For me, the year’s four seasons are Spring, Summer, Fall, and I-Hate-Winter. This winter-averse attitude poses a problem even now, in November, because November means winter is just around the corner. To avoid depression, I resolved a few years ago to play a seasonal adjustment game by looking for good things about fall and winter.
My favorite trees, the beeches, now look totally made of precious metal, with their golden leaves and silvery trunks. The young ones will keep their leaves during the winter, giving the wind some toast-colored playthings.
Here’s another good thing: the transient glory of our red maple. It is admittedly losing its chlorophyll and will soon be losing its leaves, but oh, it is beautiful now against the clear bright blue of the sky.
Another good thing that lasts longer is the samaras, or winged seeds, of the box elders. These maple-family trees are somewhat ungainly; they sprout suckers everywhere, branch awkwardly, and have little dignity. But when the leaves are gone and the pale fruits hang in their duos, the trees have a ghostly presence that seems to glow.

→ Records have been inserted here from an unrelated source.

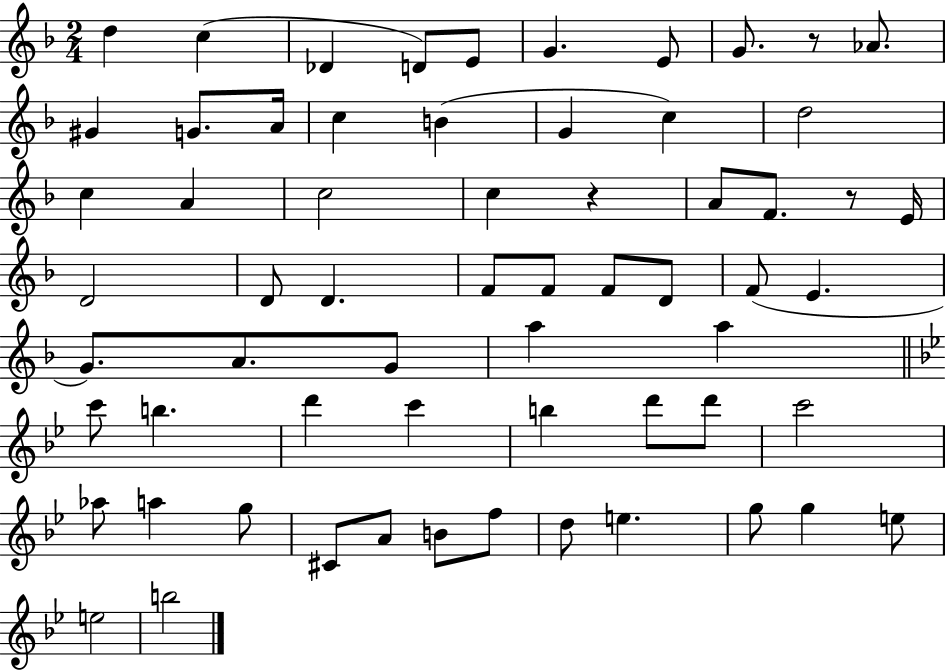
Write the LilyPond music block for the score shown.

{
  \clef treble
  \numericTimeSignature
  \time 2/4
  \key f \major
  d''4 c''4( | des'4 d'8) e'8 | g'4. e'8 | g'8. r8 aes'8. | \break gis'4 g'8. a'16 | c''4 b'4( | g'4 c''4) | d''2 | \break c''4 a'4 | c''2 | c''4 r4 | a'8 f'8. r8 e'16 | \break d'2 | d'8 d'4. | f'8 f'8 f'8 d'8 | f'8( e'4. | \break g'8.) a'8. g'8 | a''4 a''4 | \bar "||" \break \key g \minor c'''8 b''4. | d'''4 c'''4 | b''4 d'''8 d'''8 | c'''2 | \break aes''8 a''4 g''8 | cis'8 a'8 b'8 f''8 | d''8 e''4. | g''8 g''4 e''8 | \break e''2 | b''2 | \bar "|."
}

Many people would say the best part of November is Thanksgiving, We celebrate the goodness of our lives and the bounty of the harvest with a feast. It’s the one day a year, as Art Buchwald used to say, when all Americans eat as well as the French do every day. A major contributor to the feast is this guy and his kin. Meet Jethro, a handsome dude whose photo I took to accompany an article in Maryland Magazine many years ago.
Thanks for all the pleasure you give us, Jethro! You showed me how beautiful turkeys are. I hope you are still strutting your stuff somewhere in Maryland.